You basically just need to figure out how to get Pandoc installed in the environment Actions provides us with, besides that it's all normal stuff.

joshnatis commented 3 years ago

Oh, and to install that (so to say), you place it in .github/workflows/whatever.yml.

joshnatis commented 3 years ago

Update: we can use the wkhtmltopdf command-line tool for this task.

To get it installed in the fresh environment, I think our best option is to download a pre-compiled binary from here.
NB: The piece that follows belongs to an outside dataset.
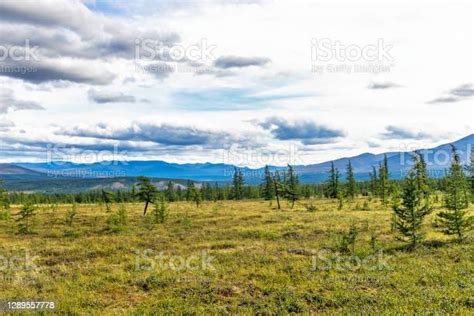 Hutan Konifer Tundra Subpolar Dan Pegunungan Yang Jauh Di Ural Pada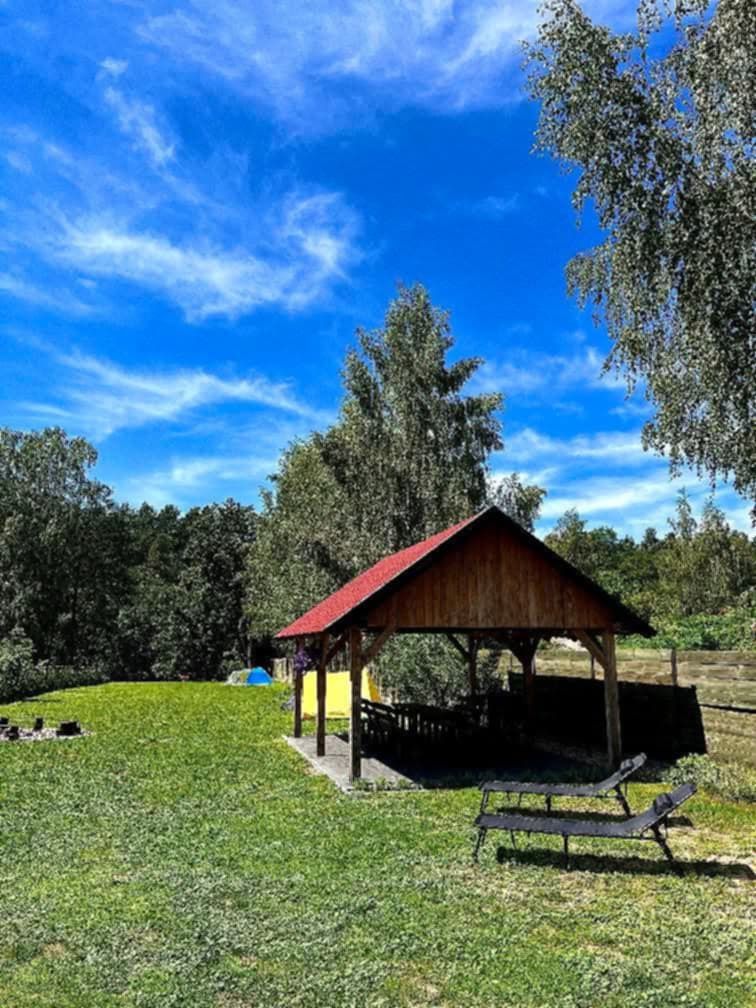 Pole namiotowe, kempingowe nad rzeką Krutynią, Mazury, Krutyń, Ruciane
Since (as far as I know) we don't know the type of architecture for the computer we're given, our best option may be to use themacos-latest virtual environment and download the MacOS binary (cause there's only one architecture).

We can download the binary with curl:

$ curl -L https://github.com/wkhtmltopdf/packaging/releases/download/0.12.6-2/wkhtmltox-0.12.6-2.macos-cocoa.pkg > wkhtmltopdf.pkg
$ # -L flag to follow redirects

Then we can install it to our home directory with installer:

$ installer -pkg wkhtmltopdf.pkg -target $HOME

Presumably after that we can just do wkhtmltopdf <link> <pdf>


Question: what should the link-submission process look like for a contributor? What would trigger this action, and how would the contributor communicate the URL and course information (course code, professor, semester) to us? One solution would be:

  1. Create a branch for link submissions, e.g. links
  2. Run the action when a pull request is made to links
  3. Submissions are made by having the contributor make a pull request to links with the required information provided in some pre-determined format (e.g. JSON or other).

So what we have so far is:

name: Link Submission to PDF

on:
  pull_request:
    branches:
      - links

jobs:
  build:
    runs-on: macos-latest

    steps:
    - name: Checkout Repo
      uses: actions/checkout@v2
    - name: Convert Link to PDF
      run: |-
        curl -L https://github.com/wkhtmltopdf/packaging/releases/download/0.12.6-2/wkhtmltox-0.12.6-2.macos-cocoa.pkg > wkhtmltopdf.pkg
        installer -pkg wkhtmltopdf.pkg -target $HOME
        ./linktopdf
    - name: Commit and push if changed
      run: |-
        git pull
        git add .
        git diff
        git config --global user.email "torvalds@linux-foundation.org"
        git config --global user.name "torvalds"
        git commit -m "Uploaded new syllabus" || echo "No changes to commit"
        git push

Where linktopdf is a script that would read and validate the contributor's submission (presumably in some pre-determined file), call wkhtmltopdf on the link, modify the _data/map.json and create an appropriate new directory in assets/courses/ if necessary, and move the PDF into its appropriate place.

What is left to be decided is the format of the file submitted by the contributor. It could be a self explanatory JSON file with fields like url, professor, semester, coursecode, and then we can write the script in python (installed by default on MacOS) using the JSON module.

Kind of getting to be a lot of work for something that may be harder for a contributor to do than just using some external service HTML to PDF converter service or built-in browser functionality.

rvente commented 3 years ago

Ah I see. I'll continue thinking about this. If anything comes up, that you think I could contribute, let me know. I'm happy to commit some time to it as the semester comes to a close.

rvente commented 9 months ago

Maybe one potential blocker is that we don't have many links to work with, so it's challenging to evaluate solutions precisely. Restating, the problem seems a tad underspecified, so this would at least give us a starting point. So starting with link collection might be a good next step. If we agree, I could add that to the README. We can start converting them case by case. Then we can automate it.